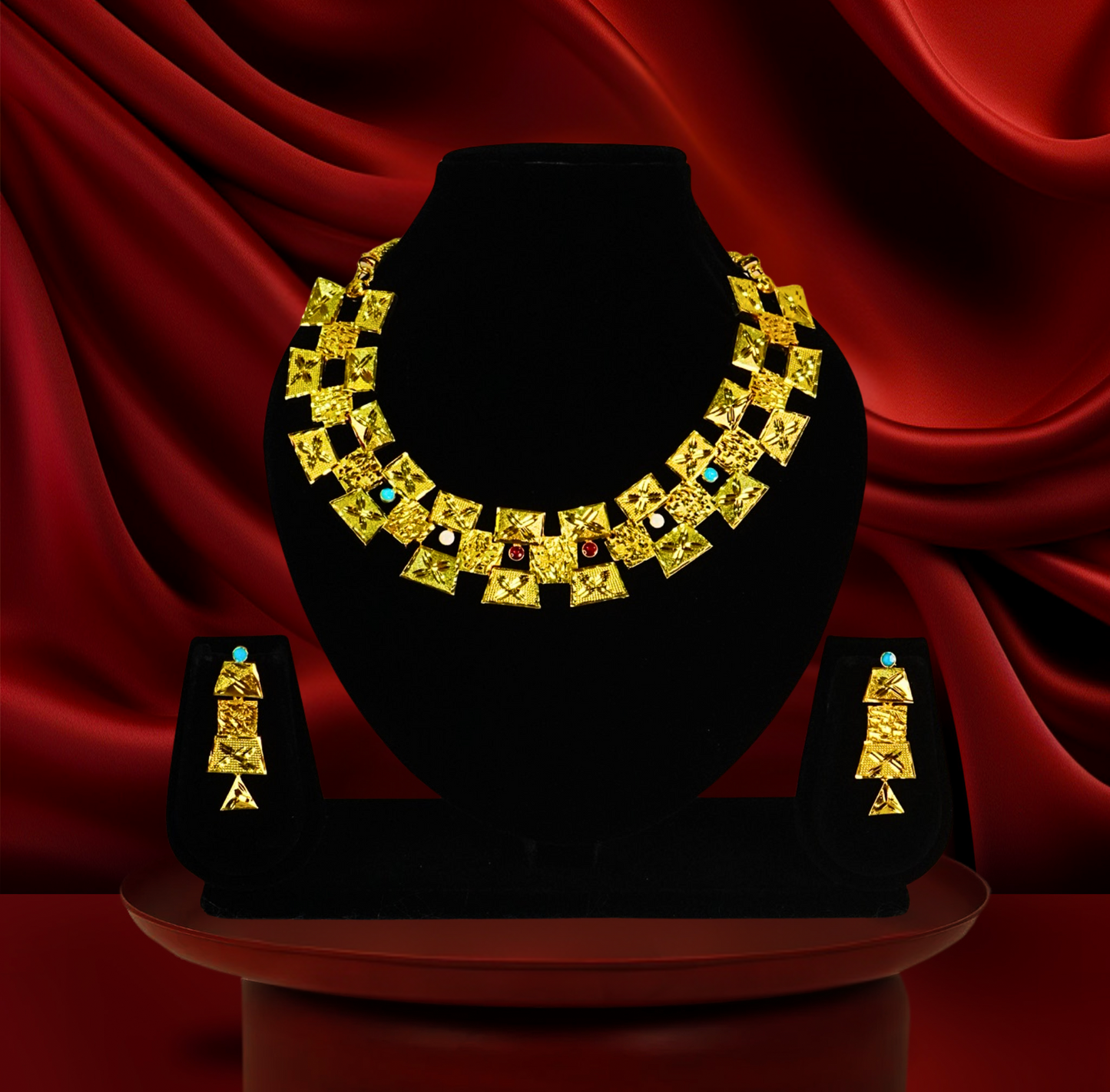 24K Gold-Plated - Royal Geometric Gold Plated Necklace Set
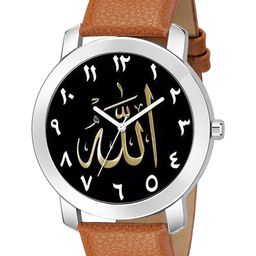 CSAMON Men Printed Dial & Leather Bracelet Style Straps Analogue Watch GR01SLV Islamic-11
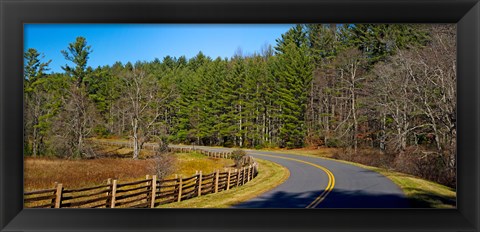 Framed Road passing through a forest, Blue Ridge Parkway, North Carolina, USA Print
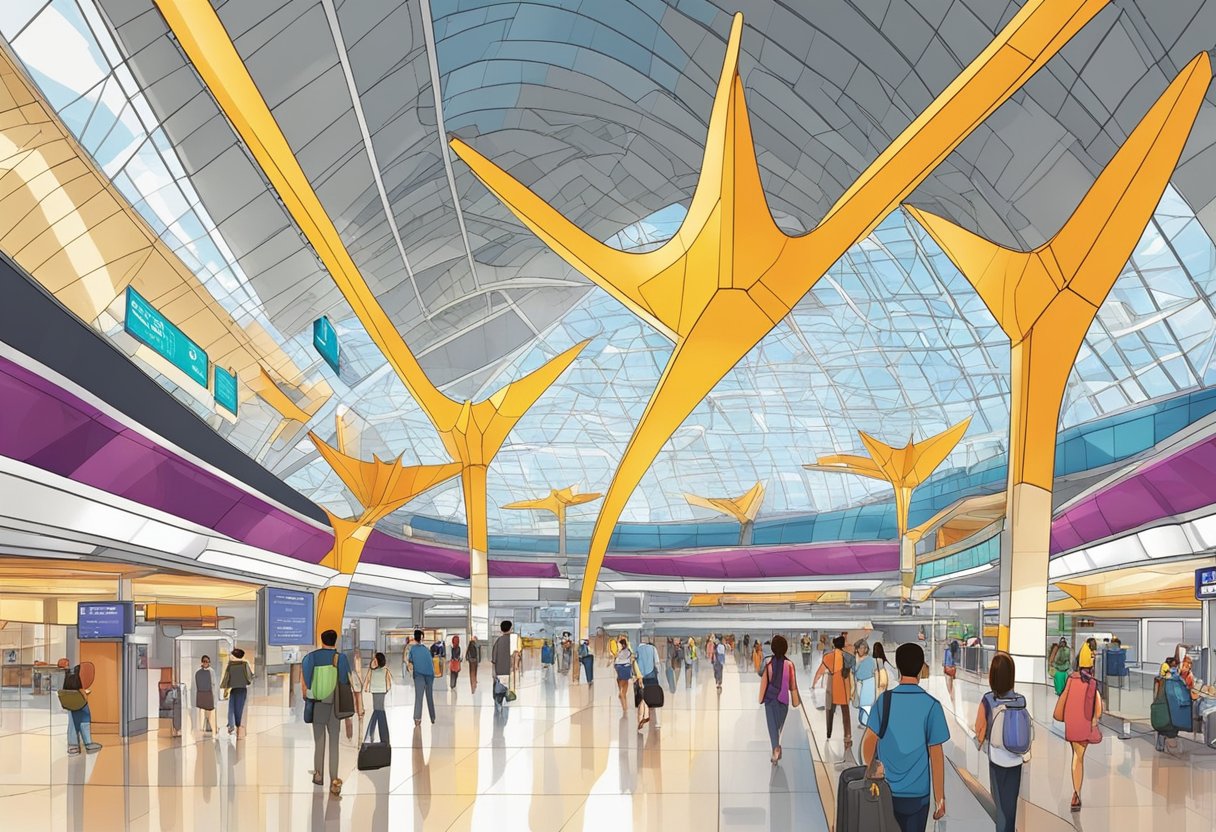 Passengers navigate through sleek terminals, adorned with modern architecture and vibrant cultural displays, as the bustling Singapore airport comes to life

══════

Task to complete
Omit every picture while printing the data word for word.

Task response
 24K Gold-Plated - Royal Geometric Gold Plated Necklace Set
 CSAMON Men Printed Dial & Leather Bracelet Style Straps Analogue Watch GR01SLV Islamic-11
 Framed Road passing through a forest, Blue Ridge Parkway, North Carolina, USA Print
 Passengers navigate through sleek terminals, adorned with modern architecture and vibrant cultural displays, as the bustling Singapore airport comes to life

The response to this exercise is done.